How much redundancy do modern CPU chips have? If a single transistor goes bad in...

teruakohatu · on June 15, 2020

I think the usual reply to that question is that it depends on which transistor.

Not quite the same thing but there was a Raspberry Pi board on the homepage earlier today which has hacksawed in half and still worked, the person who did that has also cut some microprocessors in half successfully and they still work because they were cutting off bits he does not plan on using and which are not required for the rest of the device or chip to function.

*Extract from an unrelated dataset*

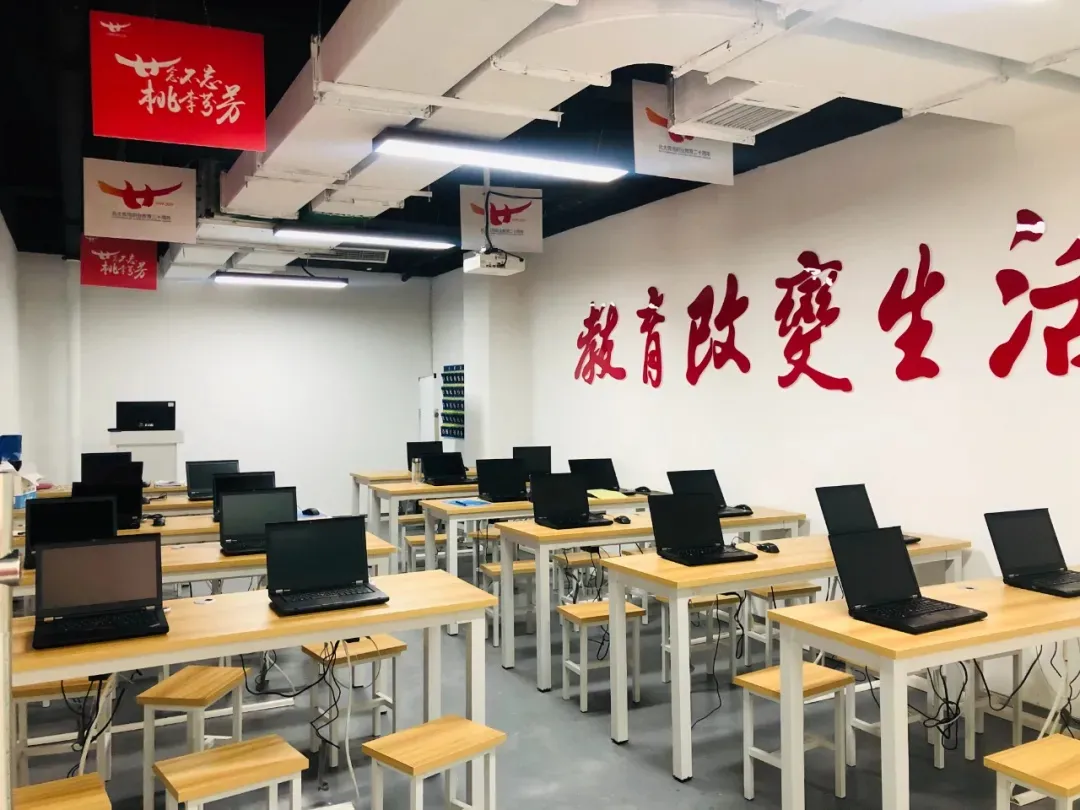 北大青鸟贵州大数据学院高考特招班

I am sure a AMD Ryzen CPU would work without a core or two. In fact they often disable cores before shipping by zapping a fuse. But if the same transistor on every core somehow blew, then you would probably be left with a dead CPU.

starky · on June 15, 2020

To be fair, that guy who cut the RPi merely cut off the USB ports, RJ45 jack, and the ethernet controller and maybe a couple caps. I don't think chopping off a couple of low pin count peripherals far away from the SoC and DRAM counts as "cutting the board in half"

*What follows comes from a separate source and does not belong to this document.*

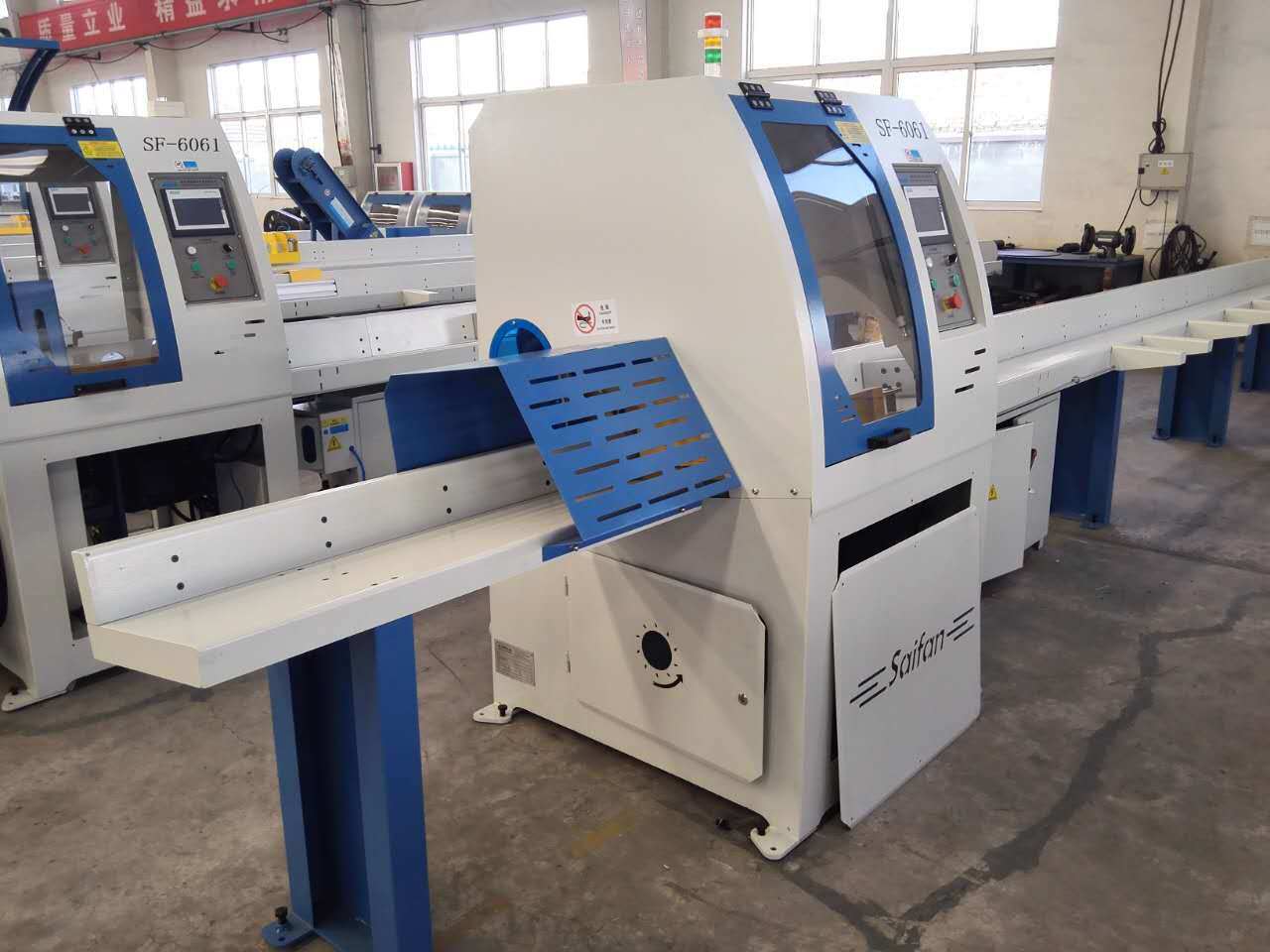 Automatic Feed Cutting Saw for Wood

teruakohatu · on June 15, 2020

I did say it wasn't exactly the same thing but at least with some previous *Lake Intel CPUs the gfx took up quite a lot of the die. If you are using an external GPU quite a lot of transistors could fail and you could still use the CPU, just like hacksawing off the ethernet chip.

rwmj · on June 15, 2020

All on chip caches these days have ECC, so the literal answer to your question - if it's a single transistor, it would likely be fine.

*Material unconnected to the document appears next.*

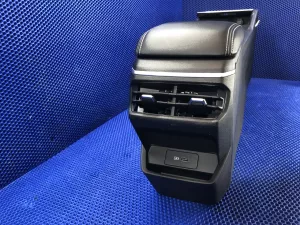 Центральная консоль с подлокотником Geely Emgrand SS11 — фото 9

However electronics doesn't really fail like that. A single transistor might be "zapped" by a cosmic ray, but that's a transient error. Electromigration causes the copper interconnects between parts of the circuit to break (https://en.wikipedia.org/wiki/Electromigration#Practical_imp...), especially parts that carry higher current for power distribution around the chip. I had an Intel C2000 fail in a server after 3 years because of this (https://www.theregister.com/2017/02/06/cisco_intel_decline_t...).

dannyw · on June 15, 2020

The Intel C2000 issues are nasty. I'm personally refusing to buy a J3XXX series Atom based Synology because of it.

rwmj · on June 15, 2020

Synology were actually great about it. The server was indeed a Synology 8 bay NAS from ~2016, and even though it failed after about 3½ years they replaced it with a refurbished one (which I couldn't tell the difference from new) within a few days. I didn't pay a penny. I hope they're charging all their costs back to Intel.

lostmsu · on June 15, 2020

My thoughts exactly. If a CPU could self-test reliably, and turn off parts of cache, cores, bus lines, etc. I don't think random failures would be a major problem.

Of course it might be too expensive to design such a feature.